• _The problem_
Transcribe exactly, and only, the lines from the one containing "Collier plaqué or" through the end of the entries below, leaving the pictures out.
^^^^^^^^
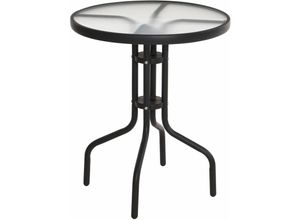 4260700650653 - Spetebo - Metall Glastisch in schwarz - ø 60 cm - Modell rund - Bistrotisch Gartentisch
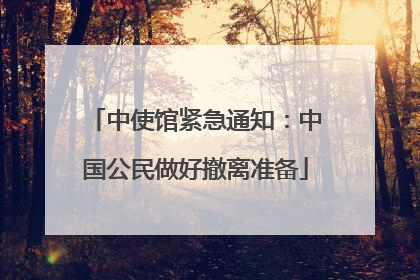 中使馆紧急通知：中国公民做好撤离准备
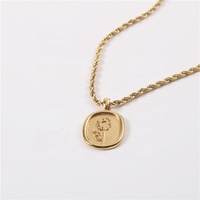 Collier plaqué or 18K pour femme, pendentif à fleur, chaîne porte-bonheur, vente en gros,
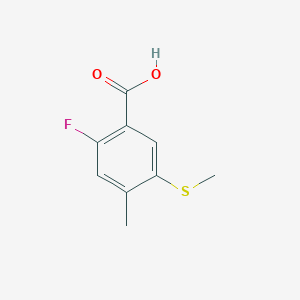 molecular formula C9H9FO2S B6354941 2-Fluoro-4-methyl-5-(methylthio)benzoic acid CAS No. 958667-43-1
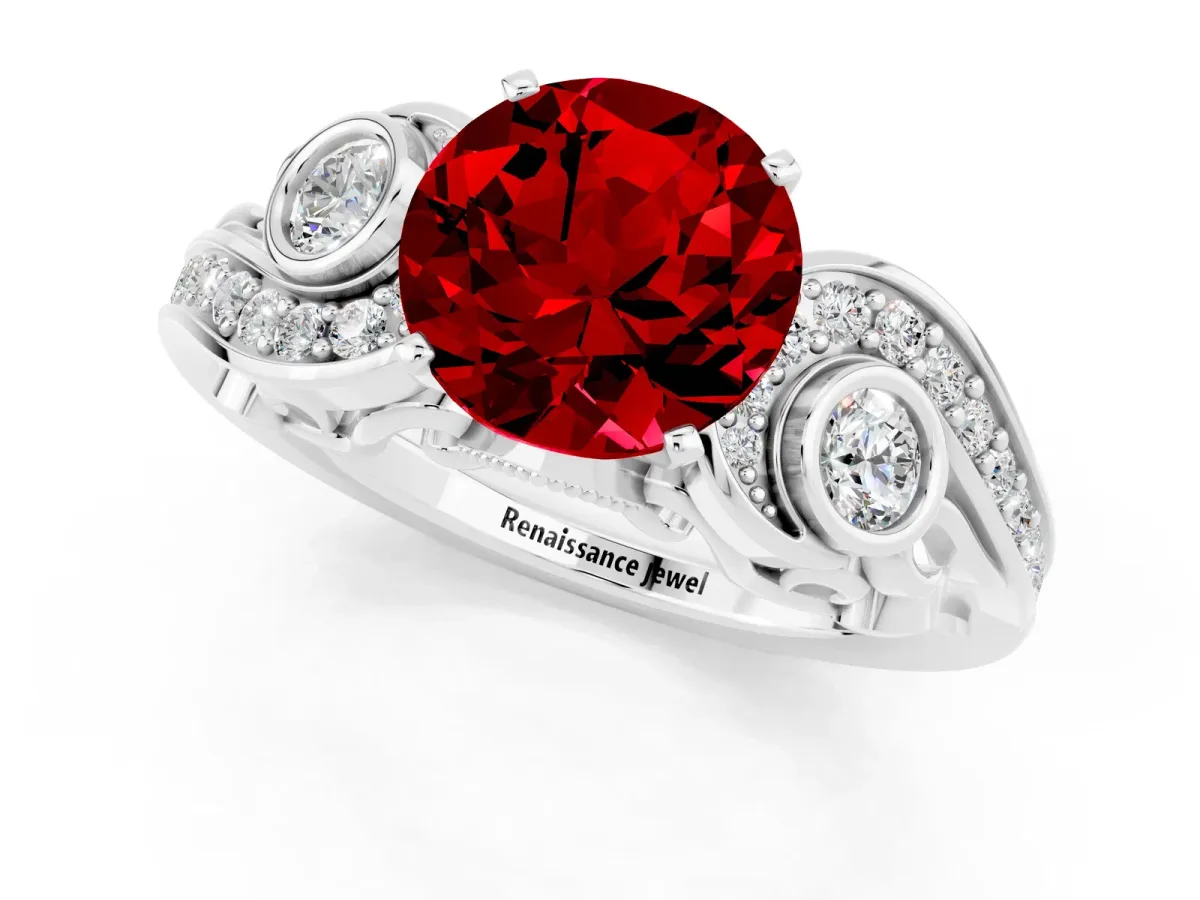 Round Cut Ruby Solitaire Ring with Milgrain Pavé Band and Four-Prong Setting Silver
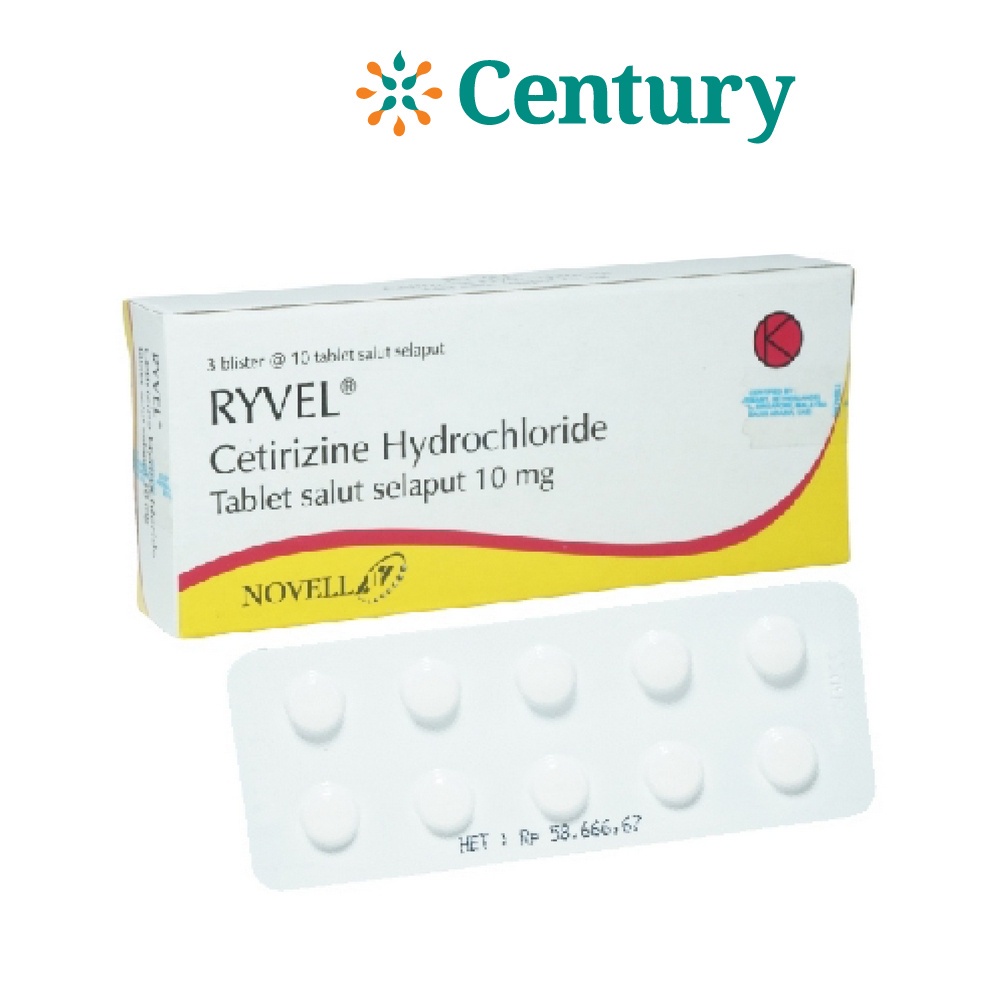 RYVELL 10 MG 1 STRIP ISI 10 TABLET / CETIRIZINE / BERSIN / FLU ALERGI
^^^^^^^^
• _Finished exercise_
 Collier plaqué or 18K pour femme, pendentif à fleur, chaîne porte-bonheur, vente en gros,
 molecular formula C9H9FO2S B6354941 2-Fluoro-4-methyl-5-(methylthio)benzoic acid CAS No. 958667-43-1
 Round Cut Ruby Solitaire Ring with Milgrain Pavé Band and Four-Prong Setting Silver
 RYVELL 10 MG 1 STRIP ISI 10 TABLET / CETIRIZINE / BERSIN / FLU ALERGI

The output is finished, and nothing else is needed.